Say no, and you have a job forever.
The no guts, no glory days are over.
Besides, too often, I know from experience, the gatekeepers are far too young to have any perspective on the past. History for them is nothing more than curriculum on a college campus.
A decade or so ago, my writing partner and I had sold a mini-series to CBS and made-for-television movies to both CBS and NBC. All were period pieces.
Frank Q. Dobbs and I were sitting around one weekend, discussing that final and fateful showdown at the OK Corral between Wyatt Earp, Doc Holliday, and the Clanton gang.
Holiday had been a fascinating character.
He was a dentist.
He was a gentleman.
He was a gunfighter.
He led a fascinating life.
But beyond the OK Corral, no one knew anything about him.
We came up with a great premise and hook for a screenplay: A man’s life should not shaped, defined, or remembered solely for a scant thirteen seconds in his existence.
Frank, who lived in Los Angeles, took the idea to a production studio. He was a great pitchman. He could make you laugh or cry or leave your nerve endings raw and tangled with a tale guaranteed to keep you in suspense.
Here was his pitch. “Let’s do the untold story of Doc Holliday,” he said.
“He fought the most famous gun battle of all,” Frank said.
“Sounds intriguing,” the young production editor said. “Where did it take place?”
“The OK Corral.”
“Great. Love the name.” The young editor frowned. “What’s the hook?” he asked.
“Doc Holliday had a life before the gunfight and a life after the final shots were fired,” Frank said. “Yet he’s only remembered for those thirteen seconds at the OK Corral. It’s a shame that man’s entire life is defined by thirteen seconds.”
“Great concept,” the editor said. “Love the hook. Get me a treatment as fast as you can? Can you get it back to me by Monday.”

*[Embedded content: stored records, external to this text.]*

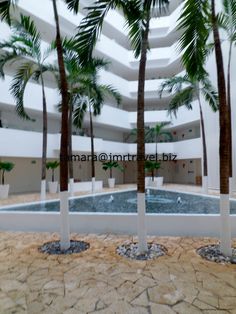 the beach is lined with lounge chairs and palm trees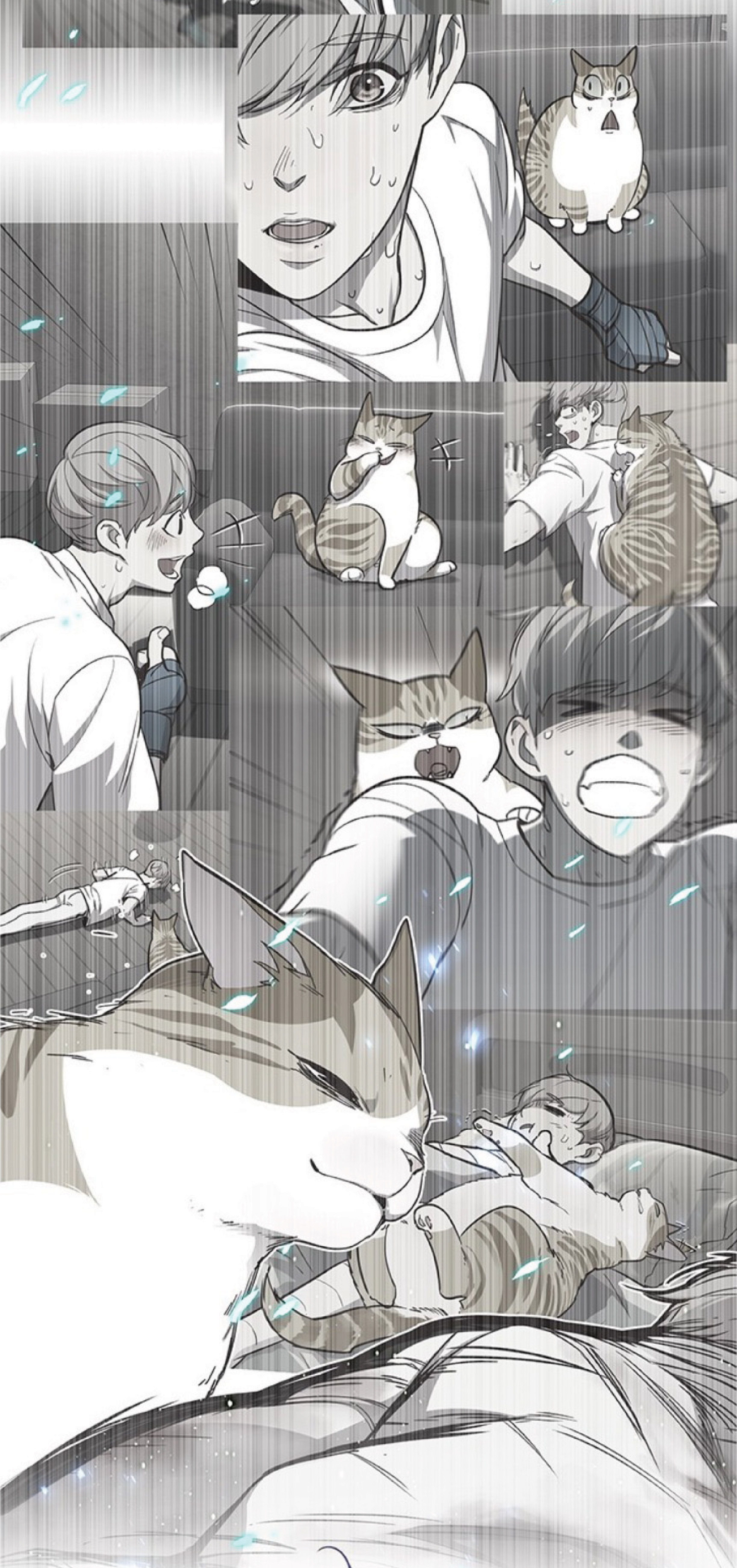 à¸•à¸­à¸™à¸—à¸µà¹ˆ 93 38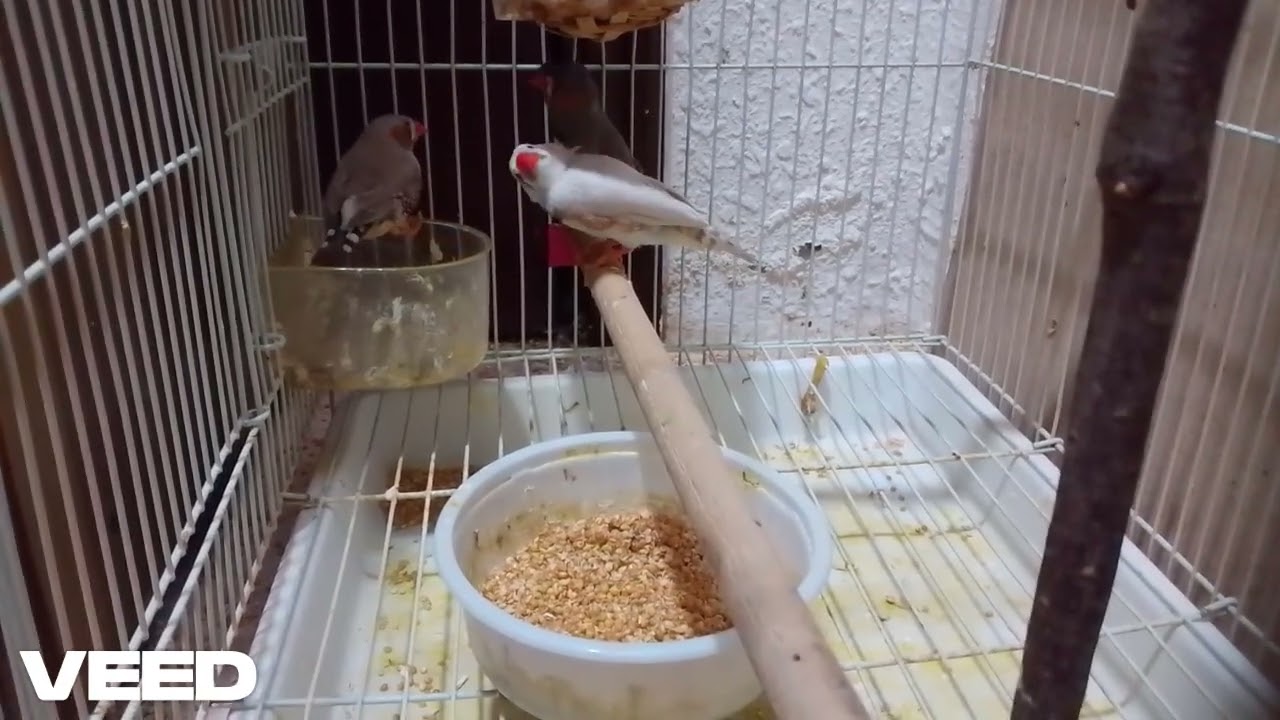 Chini,Mini & Tini Zebra Fitch Sparrows playing enjoying and showing their nest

“I can,” Frank said. Frank could promise anything.
He knew I would be writing the treatment.
Two days. Twenty pages. The Old West lived again.
Frank walked in early Monday morning with the treatment. The young editor told him. “I’ll read it tonight. Let’s plan on having lunch tomorrow. I’m excited about it. And you’re right, Frank.”
“It’s a real tragedy for a man to be defined by a mere thirteen seconds in his life.”
He grinned. Frank grinned. He was still in grinning when he called me. “It’s a cinch,” he said.
“Nothing’s a cinch,” I said.
“I could read him,” Frank said. “We’ve got him hooked this time.”
So I hoped. So I prayed.
It was a short lunch.
“Well, what do you think?” Frank asked as he sat down.
The young editor, the gatekeeper, glanced away. “We can’t do it,” he said.
“I’d be afraid to take the story into the studio.”
“I thought you liked the premise.”
“Then what’s wrong?”
The young gatekeeper sighed, shoved the treatment across the table, and said, “It’s a Western. We don’t do Westerns.”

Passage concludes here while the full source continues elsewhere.